What you return should be every line below, word for word, and none of the images.

DATASET EXTRACT
──────

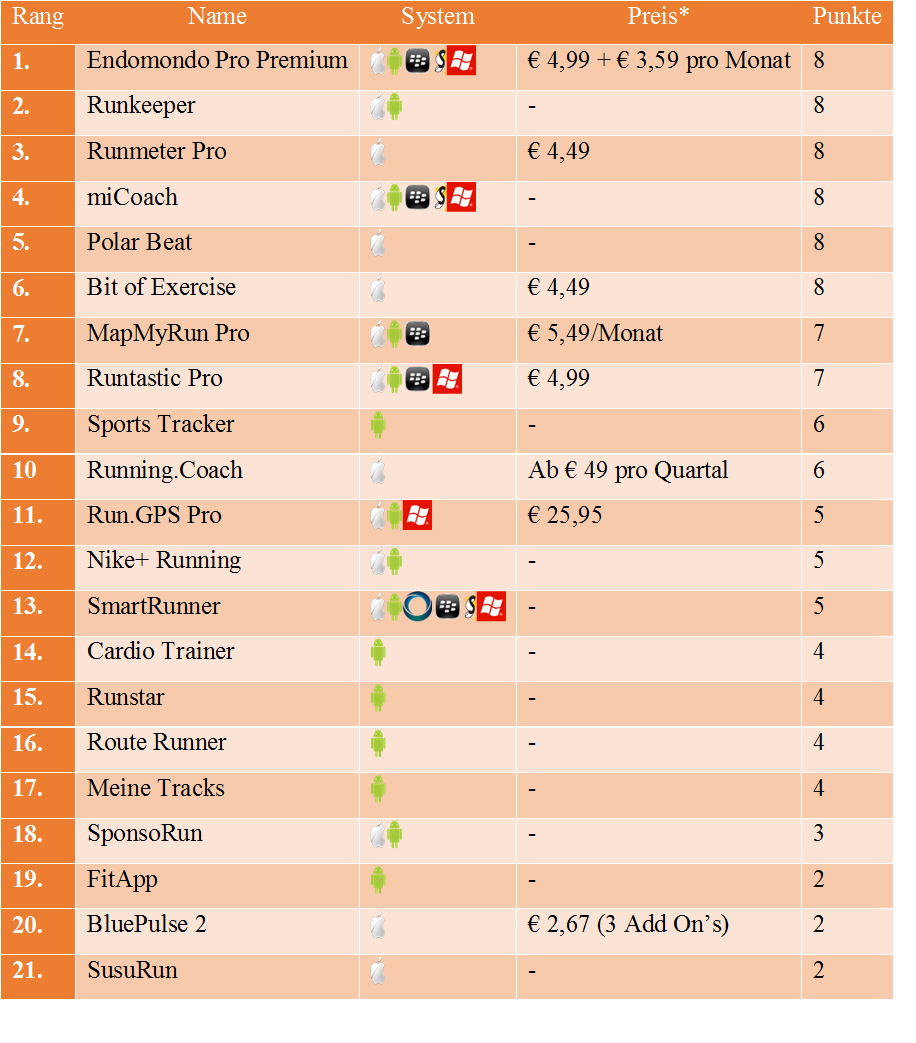 Lauf Apps Rangliste Lauf Apps Rangliste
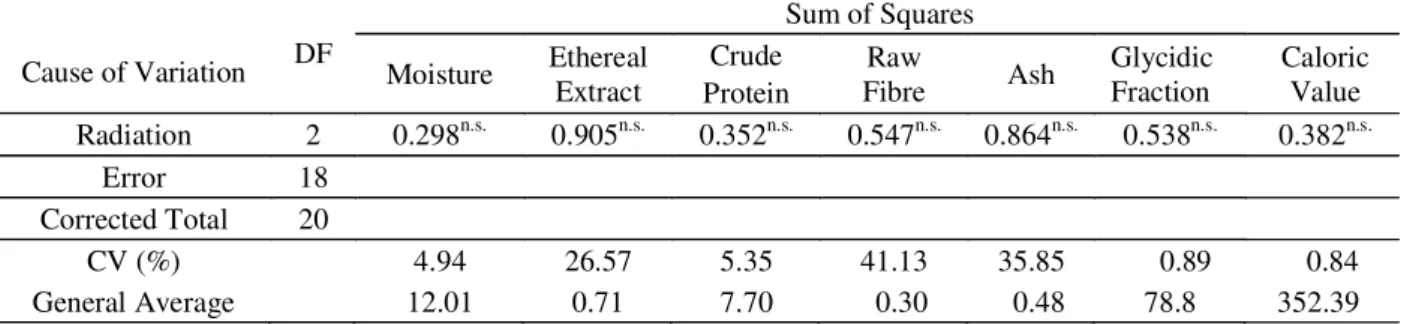 Table 2 – Means for each treatment of polished white rice subjected to gamma radiation (Co 60 ).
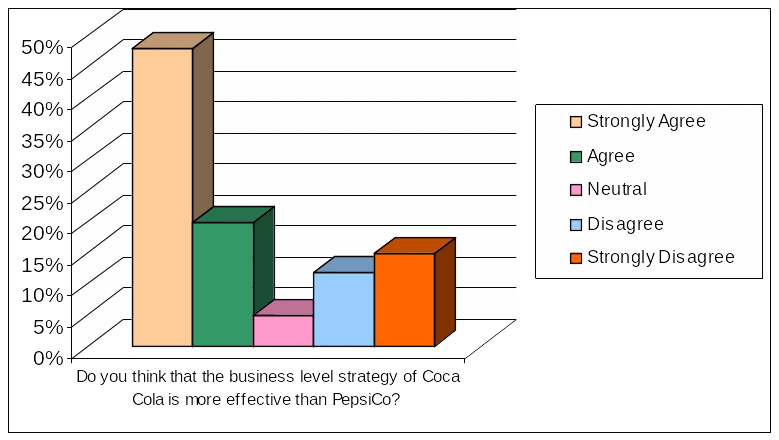 Respondents' view regarding the effectiveness of the business level strategy. 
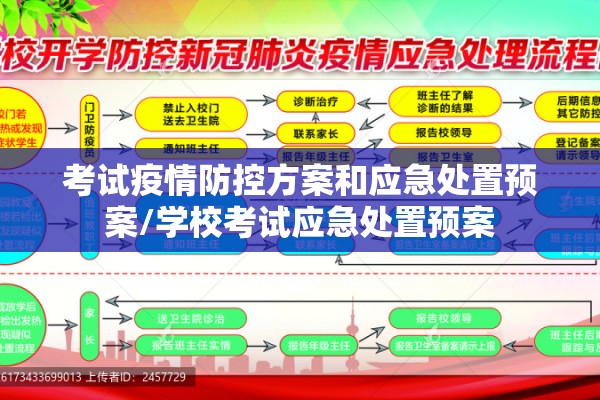 考试疫情防控方案和应急处置预案/学校考试应急处置预案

──────

EXERCISE SOLUTION
 Lauf Apps Rangliste Lauf Apps Rangliste
 Table 2 – Means for each treatment of polished white rice subjected to gamma radiation (Co 60 ).
 Respondents' view regarding the effectiveness of the business level strategy. 
 考试疫情防控方案和应急处置预案/学校考试应急处置预案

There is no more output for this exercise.